Georgetown University President John DeGioia
Georgetown University President John DeGioia

Washington, United States | AFP |

Georgetown University on Thursday announced measures to atone for having profited from the sale of nearly 300 slaves in the 19th century, giving an edge in admissions for their descendants.

University president John DeGioia will discuss the steps in a speech later Thursday on the campus in the US capital Washington, and is due to offer a formal apology.

The moves also include renaming school buildings to honor those enslaved, creating a new institute for the study of slavery and building a public memorial honoring slaves whose work benefited the university.

Georgetown, a Jesuit school founded in 1789, is one of the oldest universities in the United States.

In 1838, the sale of 272 slaves who worked on Jesuit plantations in nearby Maryland helped finance the university’s operations.

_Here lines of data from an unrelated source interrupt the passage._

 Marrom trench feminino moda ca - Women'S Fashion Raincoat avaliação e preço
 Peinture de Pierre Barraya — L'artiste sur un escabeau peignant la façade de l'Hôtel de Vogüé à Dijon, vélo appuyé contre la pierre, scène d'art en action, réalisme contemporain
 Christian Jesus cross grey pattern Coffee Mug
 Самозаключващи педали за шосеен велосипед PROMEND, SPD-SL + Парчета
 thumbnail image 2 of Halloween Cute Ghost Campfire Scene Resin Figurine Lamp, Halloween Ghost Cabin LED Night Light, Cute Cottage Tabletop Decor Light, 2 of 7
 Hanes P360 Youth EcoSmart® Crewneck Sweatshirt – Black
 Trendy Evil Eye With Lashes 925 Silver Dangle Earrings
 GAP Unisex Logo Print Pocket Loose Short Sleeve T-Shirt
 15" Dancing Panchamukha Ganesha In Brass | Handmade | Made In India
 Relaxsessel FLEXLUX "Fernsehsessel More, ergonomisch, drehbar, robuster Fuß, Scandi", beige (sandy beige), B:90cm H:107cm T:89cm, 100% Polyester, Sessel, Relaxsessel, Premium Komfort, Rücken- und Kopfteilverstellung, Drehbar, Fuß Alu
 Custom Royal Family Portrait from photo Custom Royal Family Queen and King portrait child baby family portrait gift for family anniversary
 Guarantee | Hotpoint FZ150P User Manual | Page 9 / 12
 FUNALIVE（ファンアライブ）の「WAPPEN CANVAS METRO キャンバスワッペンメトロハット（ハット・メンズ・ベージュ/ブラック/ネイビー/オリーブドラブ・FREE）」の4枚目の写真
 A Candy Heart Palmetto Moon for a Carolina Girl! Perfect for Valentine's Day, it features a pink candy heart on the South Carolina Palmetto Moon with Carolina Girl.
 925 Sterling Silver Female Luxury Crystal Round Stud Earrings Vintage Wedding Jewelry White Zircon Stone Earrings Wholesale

The sale was worth about $3.3 million in today’s dollars, and the slaves were sent off to Louisiana.

The school used about $500,000 in today’s dollars of the proceeds to pay off the school’s growing debt.

Nearly two centuries after Georgetown’s slave sale, America is still grappling with the legacy of slavery, which was formally abolished in 1865, and how to make amends for it.

The reconciliatory moves are the outcome of a year-long, 16-member working group at Georgetown including students, faculty, staff and alumni. It found that many of the slaves were later resold.

“The most appropriate ways for us to redress the participation of our predecessors in the institution of slavery is to address the manifestations of the legacy of slavery in our time,” DeGioia said in a statement.

Descendants will be given “an advantage in the admissions process,” the working group recommended. But the university stopped short of suggesting they be given financial aid.

“While we acknowledge that the moral debt of slaveholding and the sale of the enslaved people can never be repaid, we are convinced that reparative justice requires a meaningful financial commitment from the university,” its report said.

 

‘Decades for significant impact’ 

Other top American universities — including Brown, Columbia and Harvard — have also publicly recognized their own ties to the slave trade.

While hailing Georgetown’s admissions moves as “new” compared to those of its competitors, historian Craig Wilder warned that “it will take decades for it to have any significant impact.”

“For the families who descend from the victims of the 1838 sale, neither a report nor these promises are likely to bring closure,” Wilder, a Massachusetts Institute of Technology professor who has studied universities and slavery, told AFP.

“Its real value will be determined by how these commitments get institutionalized on campus.”

He expressed hope that the steps announced by DeGioia would mark just the “beginning” of Georgetown’s response.

 

‘Part of our history’ 

Georgetown’s slaves were not only forced to work at the Jesuit plantations in Maryland.

They also worked on the campus itself, some brought there by wealthy students in the then port city of Georgetown, which was active in the slave trade.

The working group estimated that about 10 percent of the campus population in the early 19th century was enslaved. And all the earliest buildings on campus, including those being renamed, were likely built by slave labor.

The two buildings being renamed originally paid tribute to Thomas Mulledy and William McSherry, two one-time presidents of Georgetown who organized the 1838 slave sale.

One will now be known as Isaac Hall, after the 65-year-old man who was the first person named on a document listing the slaves sold.

The second building will now be called Anne Marie Becraft Hall, honoring a woman who opened a school for black girls in the Georgetown neighborhood in the 1820s.

“Slavery — slave labor and the slave trade — is part of our history,” the working group said in its 102-page report.

“We are, after all, slavery’s beneficiaries still today. There can be neither justice nor reconciliation until we grasp that truth.”